REPUBLIKA.CO.ID, NEW YORK -- Raja Yordania Abdullah II mengatakan negaranya siap membela Arab Saudi. Hal itu dia sampaikan saat ketegangan di kawasan Timur Tengah semakin meningkat pasca-serangan terhadap fasilitas minyak Saudi Aramco.
Dalam sebuah wawancara dengan MSNBC, Raja Abdullah ditanya tentang meningkatnya ketegangan di Teluk Arab dan kebuntuan perdamaian Timur Tengah, termasuk antara Israel dan Palestina. Dia menjawab pertanyaan itu dengan mengaitkannya pada Iran.

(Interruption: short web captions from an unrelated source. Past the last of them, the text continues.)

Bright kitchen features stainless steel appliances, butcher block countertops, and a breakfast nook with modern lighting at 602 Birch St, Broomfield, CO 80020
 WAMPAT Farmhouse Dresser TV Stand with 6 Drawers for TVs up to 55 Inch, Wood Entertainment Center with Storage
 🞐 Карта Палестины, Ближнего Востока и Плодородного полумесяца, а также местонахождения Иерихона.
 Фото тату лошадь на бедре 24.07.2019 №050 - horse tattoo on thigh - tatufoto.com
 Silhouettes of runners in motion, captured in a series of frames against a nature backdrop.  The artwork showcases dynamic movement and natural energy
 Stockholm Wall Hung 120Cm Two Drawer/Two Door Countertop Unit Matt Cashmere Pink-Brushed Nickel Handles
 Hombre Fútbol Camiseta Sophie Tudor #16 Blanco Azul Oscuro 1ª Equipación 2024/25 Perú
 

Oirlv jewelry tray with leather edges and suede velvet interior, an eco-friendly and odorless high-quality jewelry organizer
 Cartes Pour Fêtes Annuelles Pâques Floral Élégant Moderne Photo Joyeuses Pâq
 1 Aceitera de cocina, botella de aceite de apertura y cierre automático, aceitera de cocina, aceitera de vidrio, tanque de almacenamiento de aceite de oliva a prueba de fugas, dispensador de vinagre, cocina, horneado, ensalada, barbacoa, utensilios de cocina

"Kami telah memiliki masalah dan tantangan kami dengan Iran, dan sekali lagi serangan terhadap Arab Saudi sangat penting bagi Yordania. Kami memiliki hubungan yang luar biasa dengan Saudi dan kami berkomitmen untuk membela mereka," kata Raja Abdullah, dikutip laman Al Arabiya pada Selasa (24/9).
Raja Abdullah yang tengah berada di New York untuk menghadiri sidang Majelis Umum PBB mengatakan selama enam bulan terakhir, telah terdapat beberapa negara, termasuk Yordania, yang berusaha memperingatkan tentang eskalasi dan berusaha meredam segala ketegangan.
"Jelas serangan terhadap Aramco telah meningkatkan kontribusi dan ini adalah pekan yang sangat penting di New York, di mana kita semua berusaha mencari cara untuk menjauh dari ambang perang," ujarnya.
Kemudian terkiat konflik Israel-Palestina, dia mengomentari rencana pencaplokan wilayah Tepi Barat. “Jika kebijakan itu adalah untuk mencaplok Tepi Barat, maka itu akan memiliki dampak besar pada hubungan Israel-Yordania dan juga dalam hubungan Mesir-Israel karena kita adalah dua negara Arab yang memiliki perdamaian dengan Israel," ucap Raja Abdullah.
Pada 14 September lalu, dua fasilitas minyak milik Saudi Aramco di Abqaiq dan Khurais diserang 10 pesawat nirawak (drone). Serangan itu menyebabkan sebagian area pabrik terbakar. Serangan itu dilaporkan memangkas lima persen produksi minyak dunia. Aramco diketahui merupakan perusahaan minyak milik Pemerintah Saudi yang mengalirkan pasokan terbesar ke pasar minyak dunia.
Kelompok pemberontak Houthi Yaman mengklaim bertanggung jawab atas serangan tersebut. Namun klaim itu diragukan sejumlah negara, termasuk Inggris dan AS. Mereka meyakini Iran yang melancarkan serangan itu.